Beginning to See the Light

For all the risks and reductions that any periodising move entails, we stand on relatively firm ground if we situate the point of closure of “the Sixties” in the period between 1972–1974. Not only did a then emerging crisis entailing doubling oil prices produce widespread recession, but along with the American withdrawal from Vietnam and the failure of the Bretton Woods system, the moment marked a collapse of profitability on a global scale from which, despite periodic “recoveries”, the global economic system would not overcome.

Pop music grasped the ebbing optimism and revolutionary élan rather swiftly. In this regard, the late period career arc of the Beatles is instructive. While one could already glimpse the symbolic closure of the Sixties in the collapse of any thematic unity on the follow up to Sgt. Pepper’s, The White Album (1968), critic Ellen Willis takes Abbey Road (1969) as amongst the clearest indications of a new post-68 sobriety; “the calm after an emotional storm”, as she puts it.39 Along with Let it Be (1970), the group’s final album, Abbey Road mostly abandoned the chaos and silliness that had threatened to overwhelm Sgt. Pepper’s, instead expressing only mellow elation (“Here Comes the Sun”) or an almost Buddhist patience (“Let It Be”, “The Long and Winding Road”).

Critic Greil Marcus would draw an analogous shift between Sly & the Family Stone’s Stand! (1969) and follow-up There’s a Riot Goin’ On (1971).40 On Stand! the band guiltlessly frolics (“I Want to Take You Higher”), revels in unbridled togetherness (“Everyday People”), and is powerfully defiant (“Don’t Call Me Nigger, Whitey”). By There’s a Riot Goin’ On two years later, an oppressive doom hangs over the group. Despite its apparent intimacy, “Family Affair” is deeply cynical; “Runnin’ Away” is all sorrow and despair.
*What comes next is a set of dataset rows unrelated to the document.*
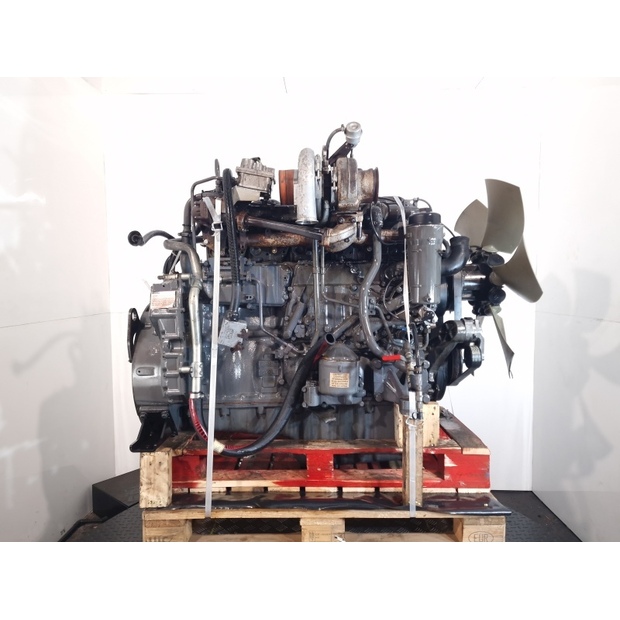 Scania Engine (Industrial) DC09 071A-48733331
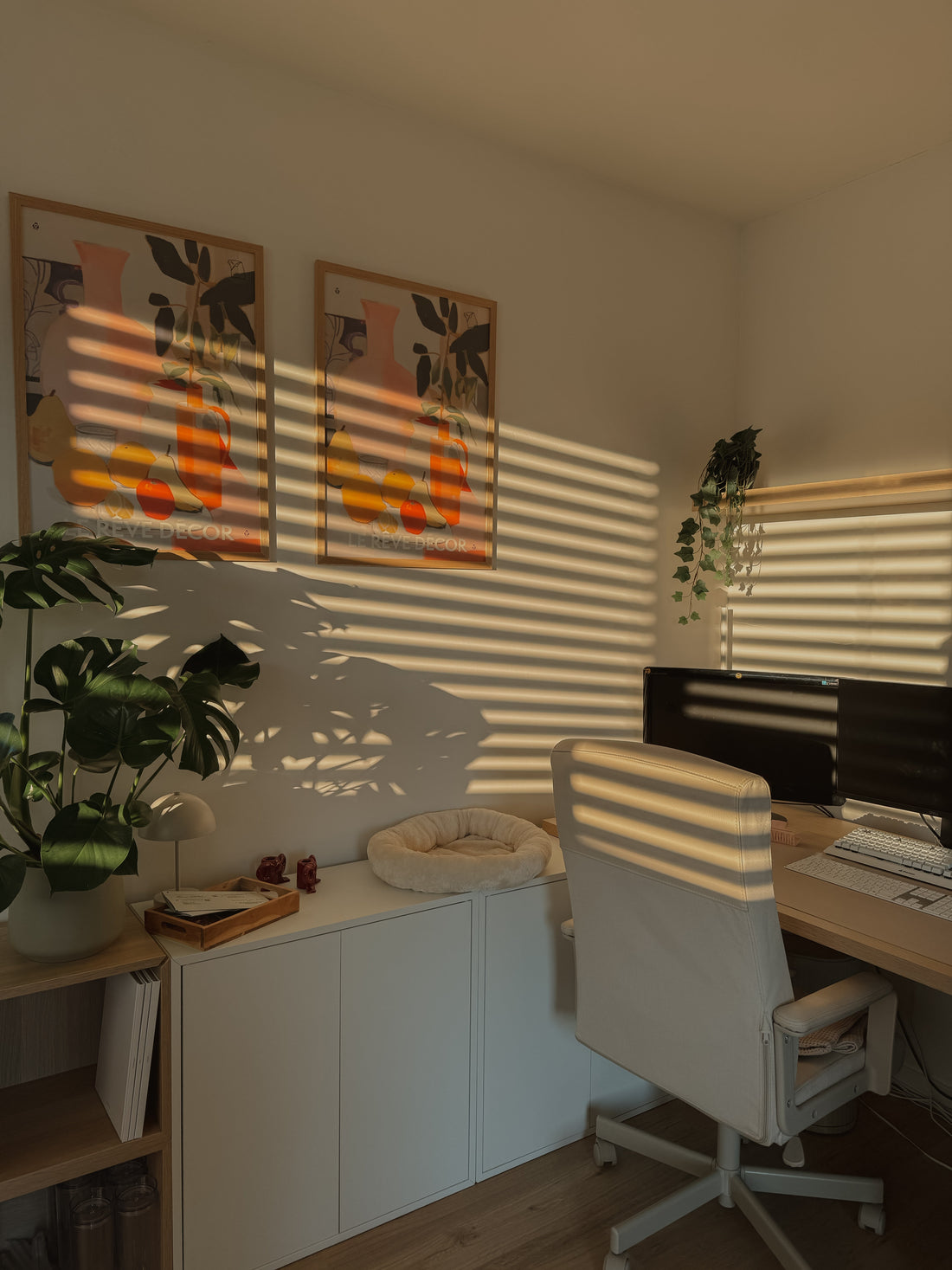 Mein kleines Büro – mein kreativer Lieblingsort ✨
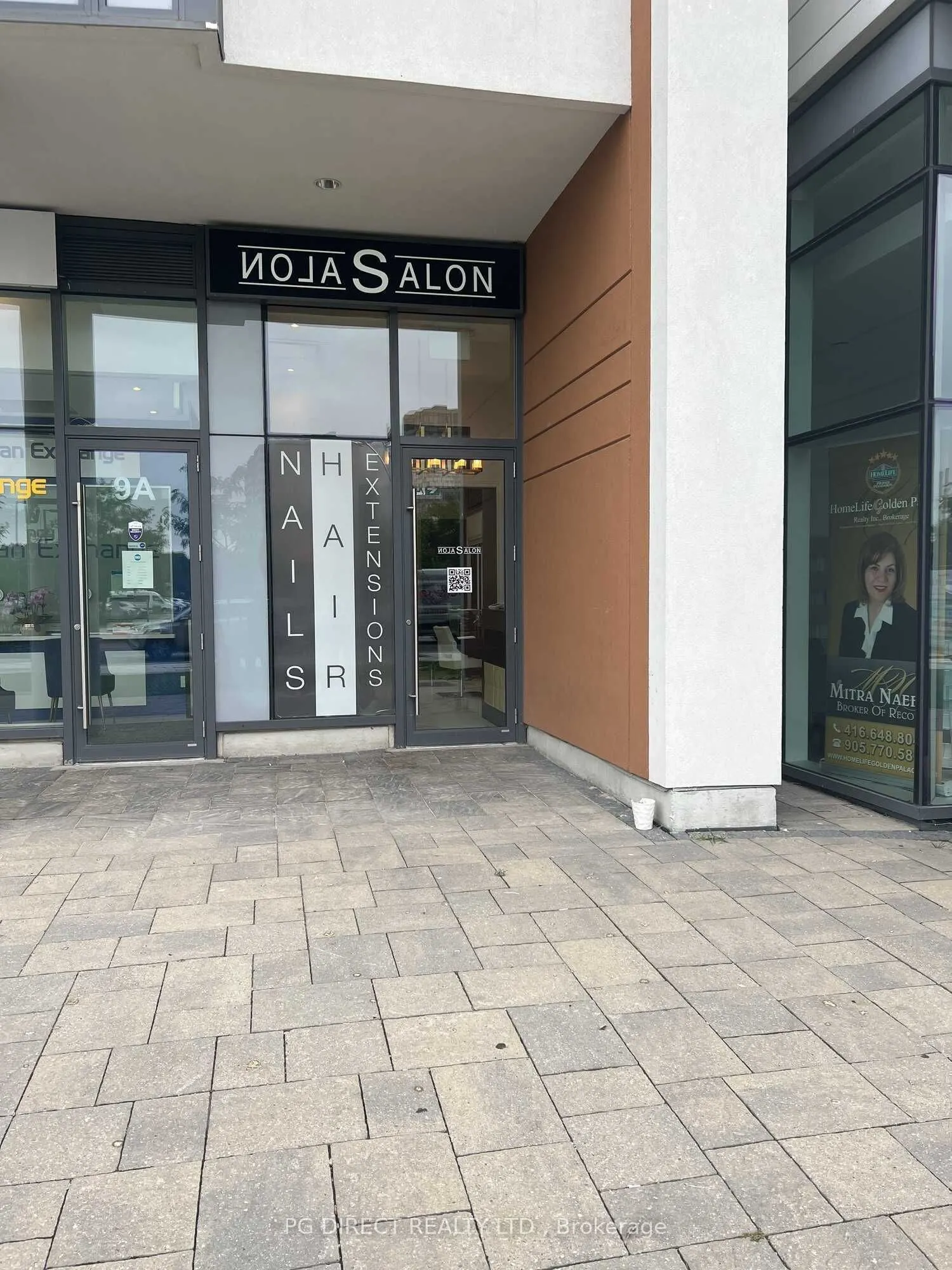 9610 Yonge Street #A8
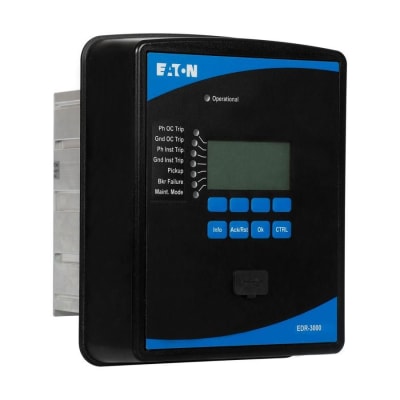 EATON CORPORATION EDR-3000-2B0FA0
These are merely iterations on a theme. One can cite others: the desolation of Pink Floyd’s Dark Side of the Moon (1973); the roll call of noteworthy deaths: Hendrix, Joplin, Morrison; the popular turn away from experiments with sonority and rhythmic texture.

The often mad and chaotic demand for sensual immersion denoted by the psychedelic period would mostly be displaced by the studied virtuosity of prog or the down-home pastoral conservatism of 1970s soft rock. Or, where textural experimentation endured, as with for example the Velvet Underground, it did so with a distant and studied cool. In any case, the point is that the demand to grow up was figurative as much as literal.

Sometimes it was both. Bob Dylan’s slow migration from folk revival protest music to the confessional frame culminating in Blood on the Tracks (1975) or Desire (1976) reflected, to borrow a phrase from Hunter S. Thompson, a broader “bargain for survival on purely personal terms”.41 The mood of disillusionment is still more evident on Joni Mitchell’s Blue (1971); lost loves intersect with pining for far away cities in an unstable combination of nostalgia and resignation.

An anxiety over the marking of time is amplified further by Neil Young’s delicate and fragile voice to particular effect on Harvest (1972). While Mitchell conflates the death of Sixties optimism with failed romance, Young does so with reflections on growing old and angst over the passing of time.42 As rock’s association with the cultural politics of the period were sundered and the scope of political vision began to contract, music sought refuge in the personal vision of the artists. The child was once again safely ensconced to a sentimental nostalgic fantasy.